## What the exercise asks
The whole listing, from first line to last: copy it exactly.

## Collected data
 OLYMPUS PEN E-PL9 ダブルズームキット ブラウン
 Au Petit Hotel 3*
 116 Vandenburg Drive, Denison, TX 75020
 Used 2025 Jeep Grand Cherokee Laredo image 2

## Solution below
 OLYMPUS PEN E-PL9 ダブルズームキット ブラウン
 Au Petit Hotel 3*
 116 Vandenburg Drive, Denison, TX 75020
 Used 2025 Jeep Grand Cherokee Laredo image 2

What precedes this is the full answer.